Even experienced bidders make pricing mistakes that cost them contracts or, worse, result in winning a contract at a price that cannot be sustained. This module documents the ten most common pricing mistakes observed in South African government tender submissions, with specific advice on how to avoid each one.
Mistake 1: Arithmetic errors in the pricing schedule. Summing rows and columns incorrectly, extending quantities by unit rates incorrectly, or using a different VAT rate from the prescribed 15% are all common and frequently fatal. The safest mitigation is to use a formula-driven spreadsheet for all pricing calculations, have a second person check every formula, and then manually verify at least a sample of the extended calculations before transferring figures to the official SBD3.3.
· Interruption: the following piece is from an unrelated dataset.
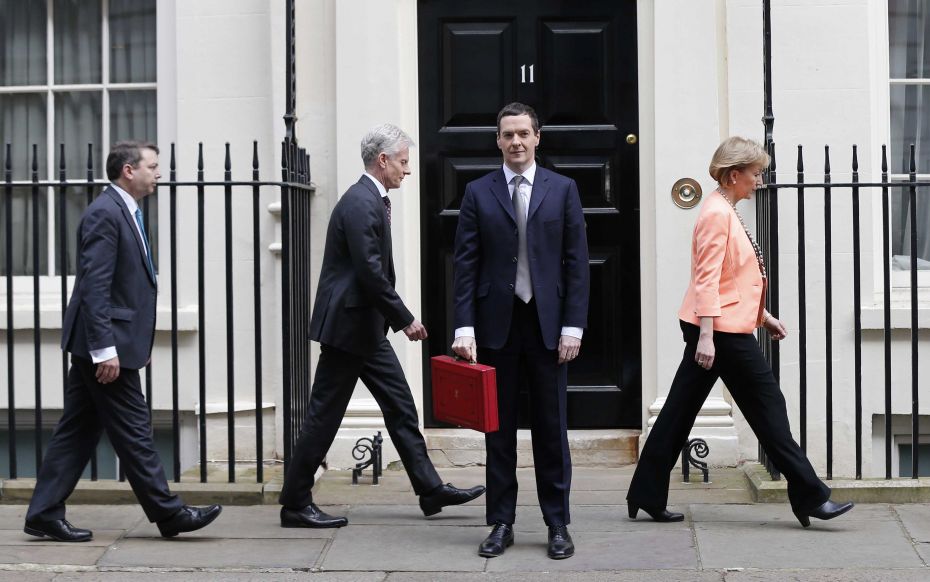  Britain's Chancellor of the Exchequer, George Osborne, with his Treasury team outside numb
Mistake 2: Ignoring the pricing schedule format. Many procuring institutions provide a specific pricing schedule format that bidders must use. Submitting your own pricing format instead of the prescribed one — even if it contains the same information — is grounds for disqualification in many institutions. Use the prescribed format always; if it is unclear, contact the supply chain unit for clarification before the closing date.
Mistake 3: Missing VAT or treating it inconsistently. Some line items in a pricing schedule are priced inclusive of VAT and others exclusive; some sub-consultants are VAT-registered and others are not. Failing to track VAT treatment consistently across the entire pricing schedule results in prices that are internally inconsistent and may not reflect what you actually intend to charge. A clear VAT treatment rule — all prices exclusive, or all inclusive, with a separate summary — should be applied throughout.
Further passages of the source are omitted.